## WORK ITEM:
Leave out the pictures and print the records below exactly.

--------------------

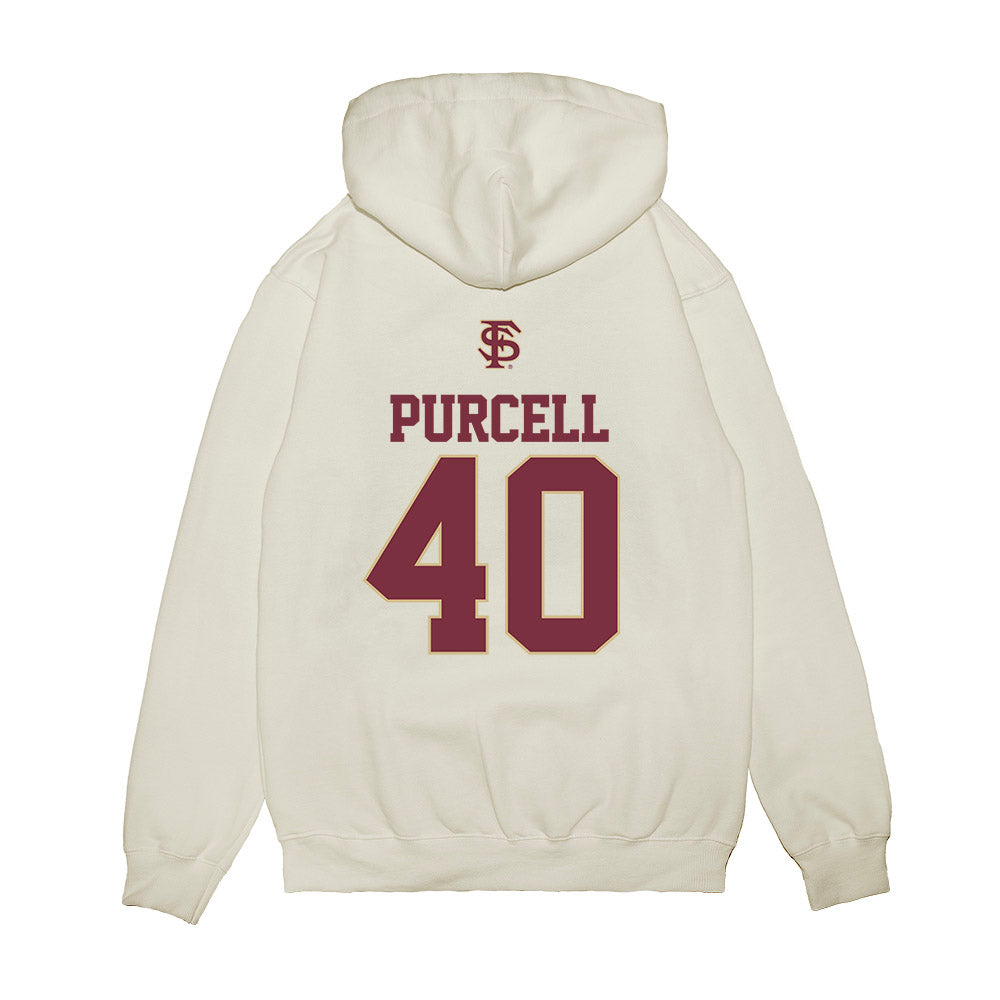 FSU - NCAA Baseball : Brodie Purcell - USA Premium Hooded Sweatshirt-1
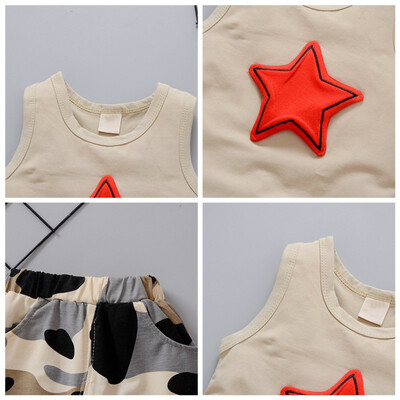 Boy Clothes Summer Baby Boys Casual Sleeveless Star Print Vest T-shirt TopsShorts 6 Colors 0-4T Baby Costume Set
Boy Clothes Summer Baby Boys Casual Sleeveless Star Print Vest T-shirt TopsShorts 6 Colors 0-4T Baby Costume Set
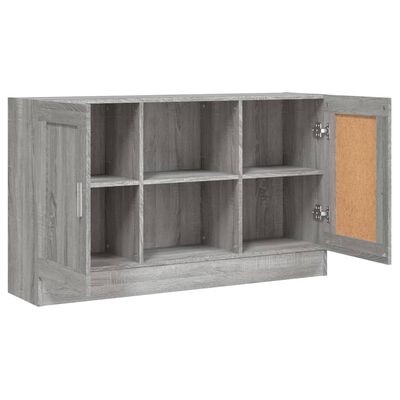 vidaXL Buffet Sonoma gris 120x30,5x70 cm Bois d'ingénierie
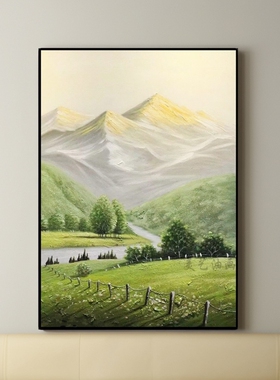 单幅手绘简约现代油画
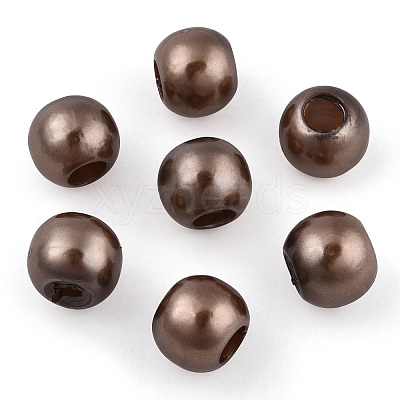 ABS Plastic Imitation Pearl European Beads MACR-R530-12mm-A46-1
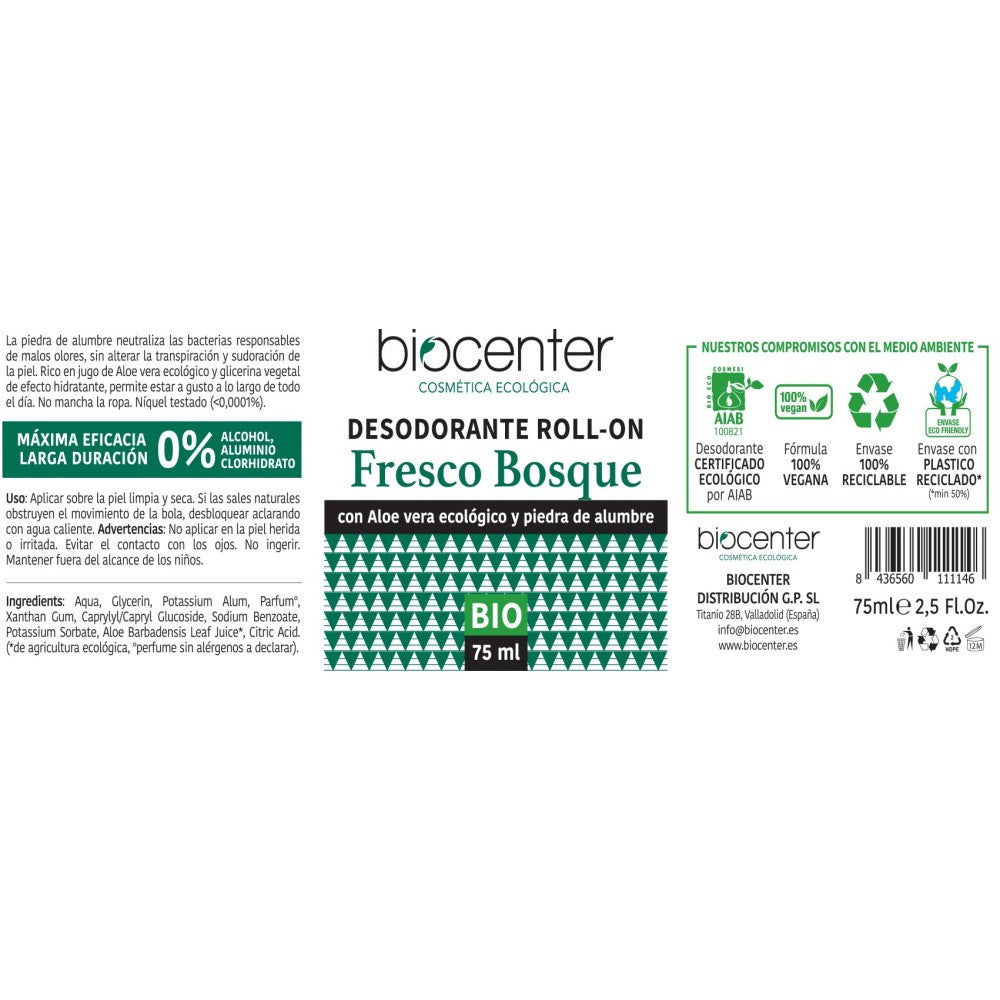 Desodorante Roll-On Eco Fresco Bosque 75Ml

--------------------

## ANSWER TO THIS TASK:
 FSU - NCAA Baseball : Brodie Purcell - USA Premium Hooded Sweatshirt-1
 Boy Clothes Summer Baby Boys Casual Sleeveless Star Print Vest T-shirt TopsShorts 6 Colors 0-4T Baby Costume Set
Boy Clothes Summer Baby Boys Casual Sleeveless Star Print Vest T-shirt TopsShorts 6 Colors 0-4T Baby Costume Set
 vidaXL Buffet Sonoma gris 120x30,5x70 cm Bois d'ingénierie
 单幅手绘简约现代油画
 ABS Plastic Imitation Pearl European Beads MACR-R530-12mm-A46-1
 Desodorante Roll-On Eco Fresco Bosque 75Ml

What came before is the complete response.